Re: interactive generation of URL's

Benjamin Franz (snowhare@netimages.com)
Mon, 15 Jul 1996 08:18:58 -0700 (PDT)


On Mon, 15 Jul 1996, Fred Melssen wrote:

> On one of my sites, people can access a database, by way of a perl
> cgi/method=post form. I'm adding some search utilities to this script.
> The first search is still submitted by a POST method. The results will
> contain URL's, (as if they were submitted by a GET method). This means
> that in theory, an unlimited amount of URL's can be generated.
>
> I can imagine, when robots (altavista) are querying my page, this will
> result in a generation of a *huge* amound of 'new' URL's on the spot, and
> an indexing of these 'URL's. This is not my problem, of course ;)
>
> But what is the best method to avoid this? My CGI-scripts trying to
> identify the robot? Use of robots.txt?...
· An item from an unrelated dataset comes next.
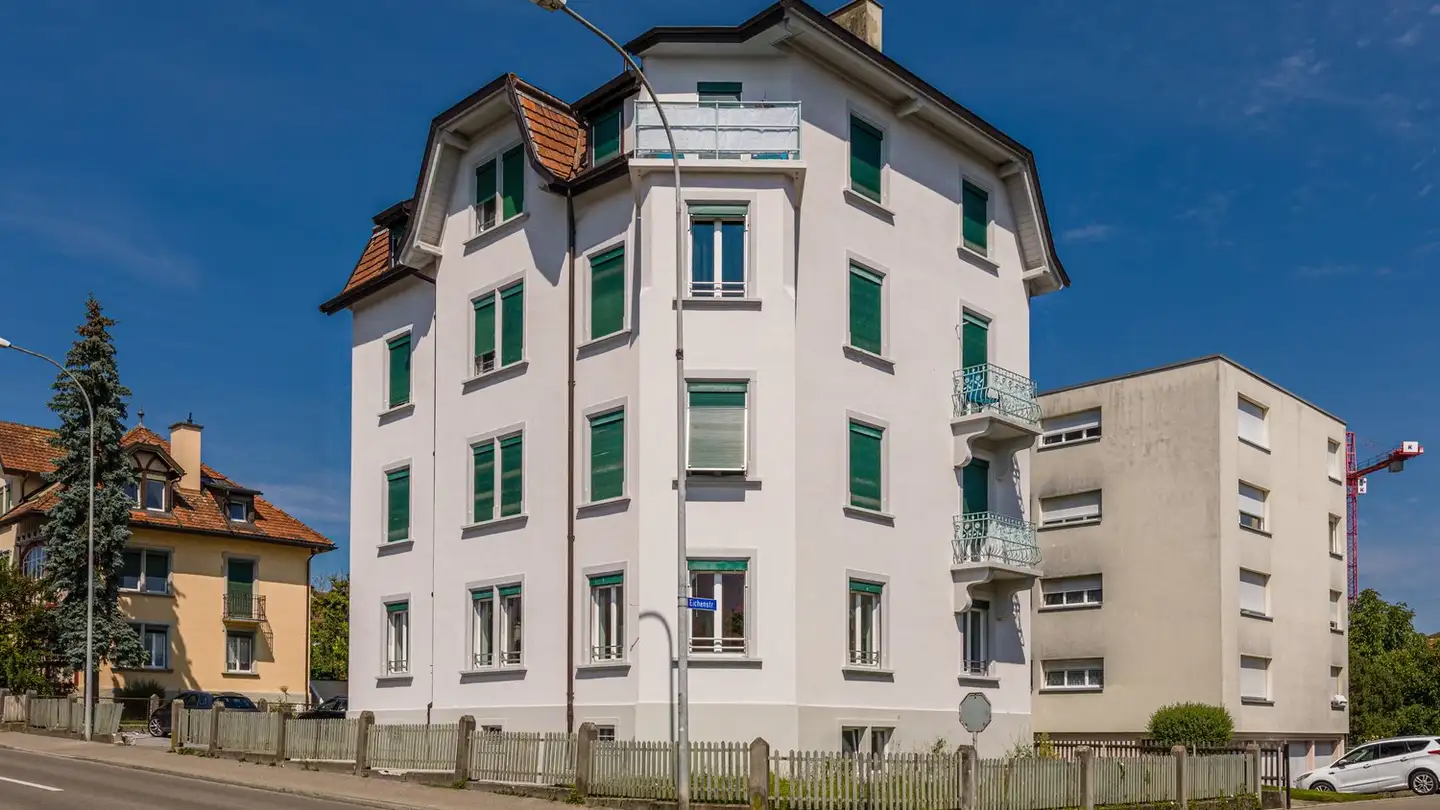 Spazio ufficio in affitto - Eichenstrasse 42, 9320 Arbon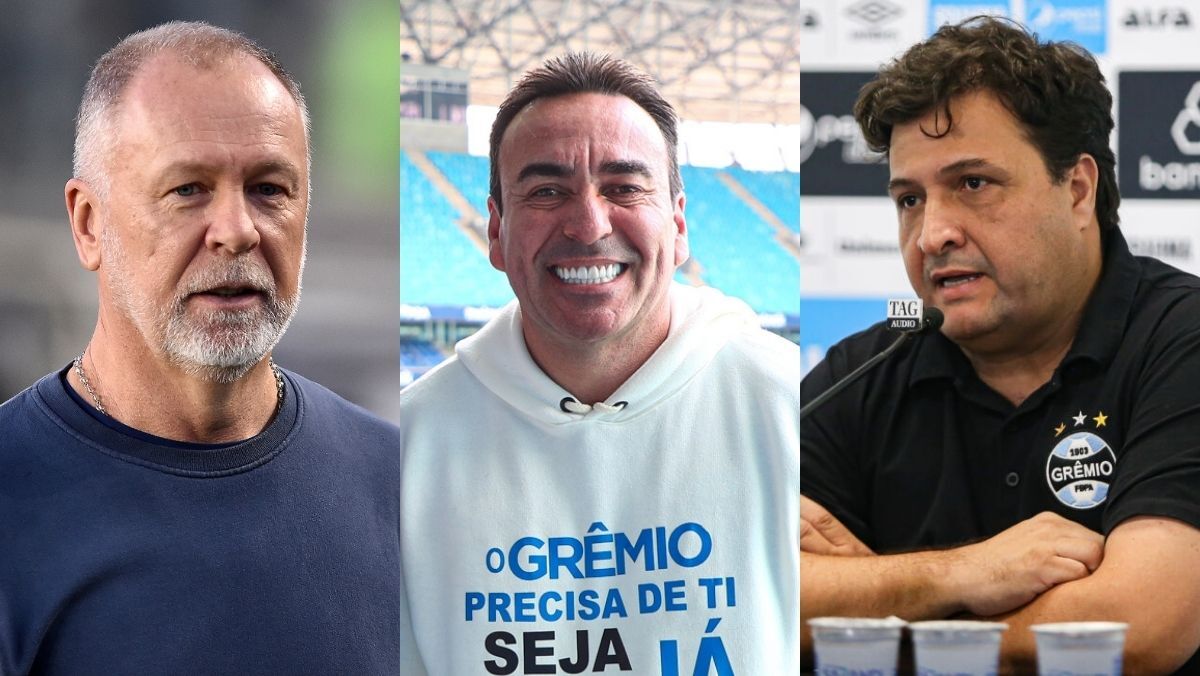Últimas do Grêmio: jovem na titularidade, reunião com Marcelo Marques e condição para contratar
The last. But it doesn't really matter unless the generated page generates
more URL's via HREFs in the infinite URL space. It is reasonably safe to
let the search engines look at result pages that do not link out of
themselves. The robots do not submit 'POST's, so they cannot generate new
pages unless the above condition is met. It isn't possible in general to
detect unknown robots unless they machine gun your server.

-- 
Benjamin Franz